BNF & Syntactical Graphs
Welcome to the comprehensive guide on Backus-Naur Form (BNF) and Syntactical Graphs. These are fundamental tools in computer science for describing the syntax of programming languages, protocols, and formal languages.
What is BNF?
Backus-Naur Form (BNF) is a notation technique for context-free grammars, developed by John Backus and Peter Naur in the 1960s. It's used to describe the syntax of programming languages and other formal languages in a precise, unambiguous way.
Key Components of BNF
- Non-terminals: Abstract syntactic categories (like <expression>)
- Terminals: Actual symbols that appear in the language (like keywords, operators)

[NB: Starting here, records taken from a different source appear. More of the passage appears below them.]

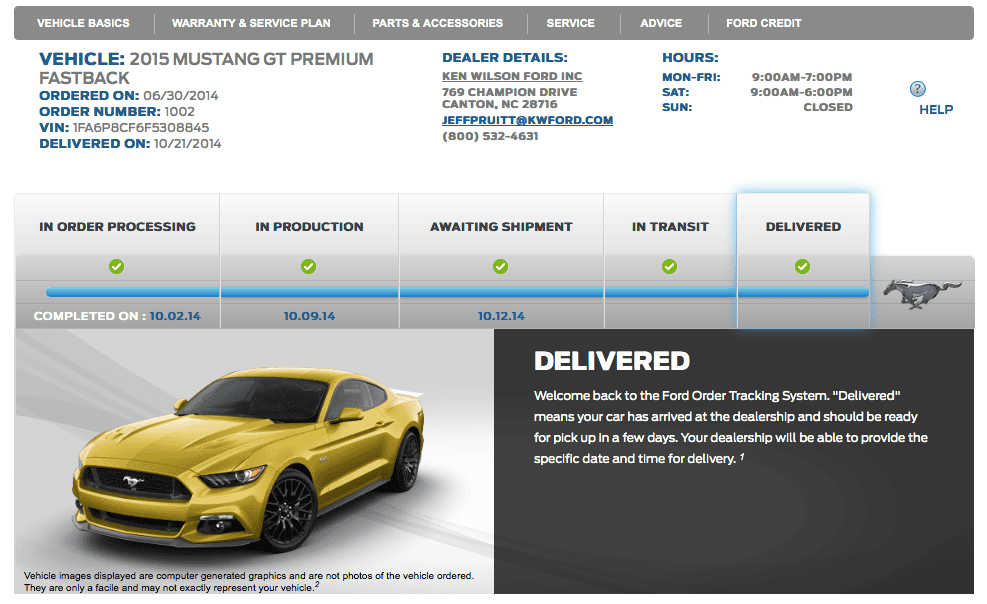 Screen Shot 2014-10-23 at 10.19.10 PM.png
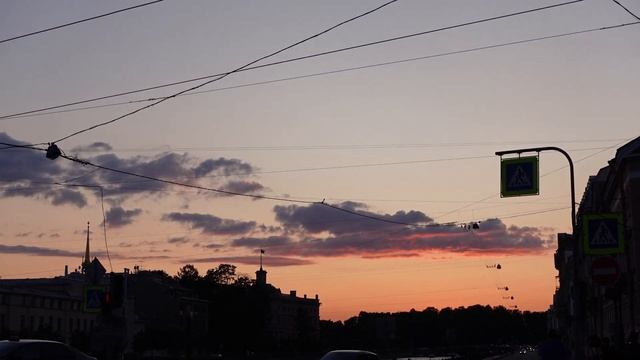 summer diaries | выходные с семьей, новые места Петербурга, печём шоколадный пирог смотреть онлайн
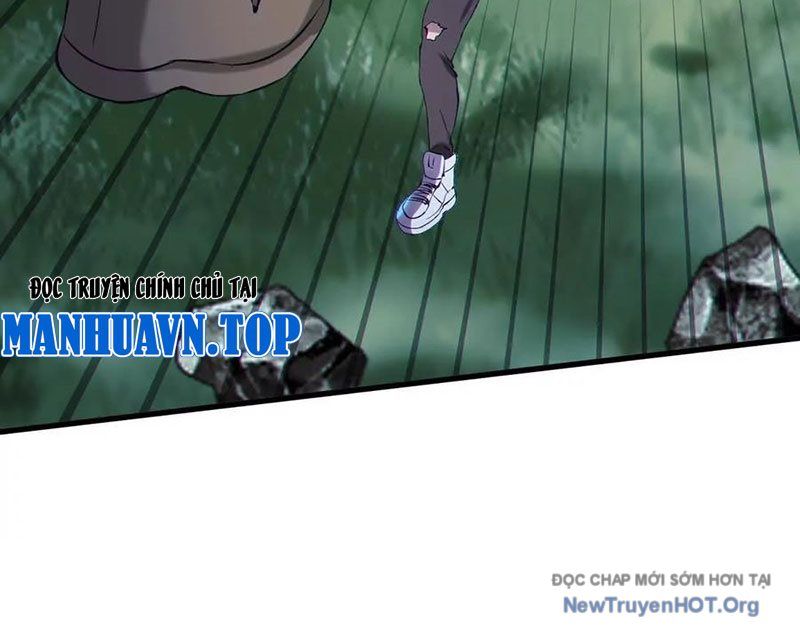 Dị Chủng Hắc Đản Chap 19 - Next Chap 20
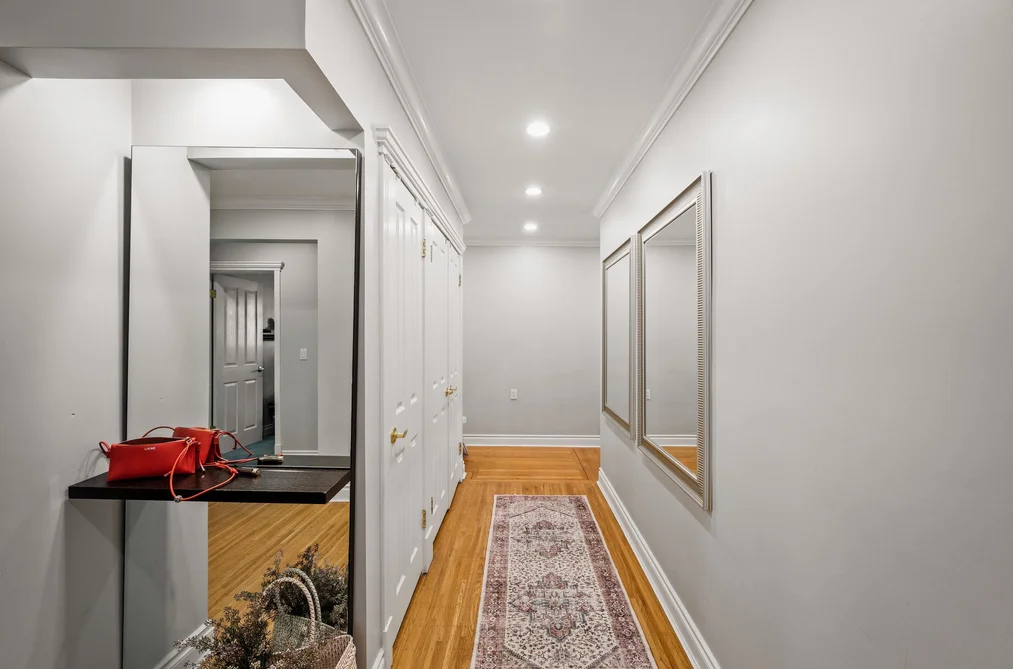 80 GLENMORE DRIVE, West Vancouver, BC — Residential for Sale — Photo 10 of 40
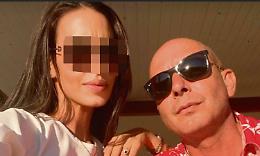 Tra tradimenti e politica, Giaveno sta con Giacone: «Giù le mani dal sindaco»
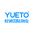 شعار YUETO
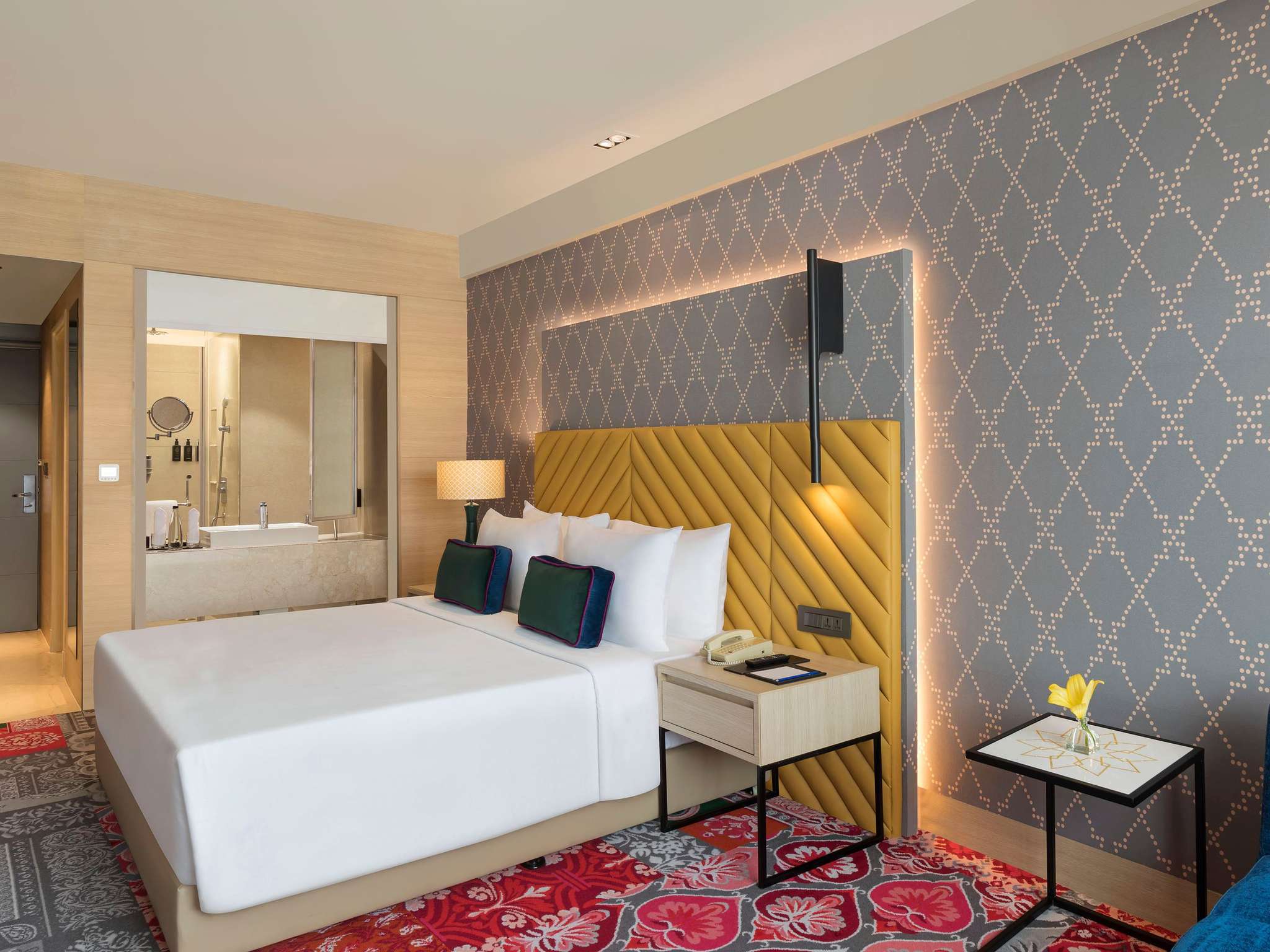 classic-hotels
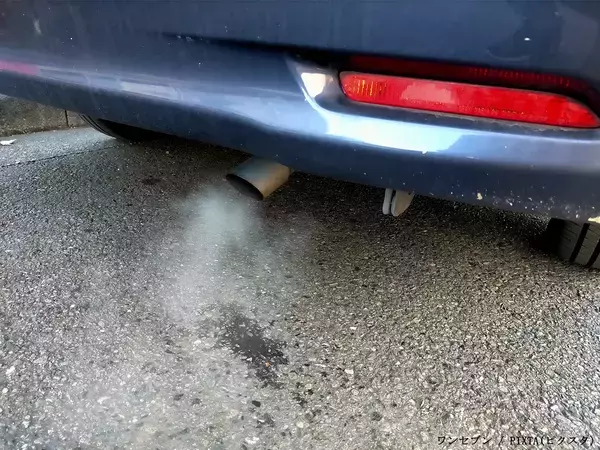 冬場の車、すぐに走らせても大丈夫？　ホンダに聞いてみたら…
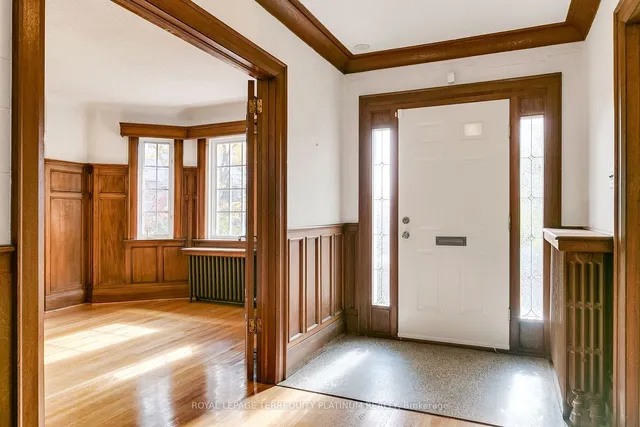 Additional image 6 of 26 St Leonards Ave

- Production rules: Define how non-terminals can be expanded
- Meta-symbols: Special notation used in BNF itself
BNF Notation
<non-terminal> ::= terminal | <another-non-terminal>
::= means "is defined as"
| means "or" (alternative)
< > enclose non-terminals
BNF Examples
Simple Arithmetic Expression
<expression> ::= <term> | <expression> "+" <term> | <expression> "-" <term>
<term> ::= <factor> | <term> "*" <factor> | <term> "/" <factor>
<factor> ::= <number> | "(" <expression> ")"
<number> ::= <digit> | <number> <digit>
<digit> ::= "0" | "1" | "2" | "3" | "4" | "5" | "6" | "7" | "8" | "9"
Simple Programming Language Statement
<statement> ::= <assignment> | <if-statement> | <while-loop>
<assignment> ::= <identifier> "=" <expression> ";"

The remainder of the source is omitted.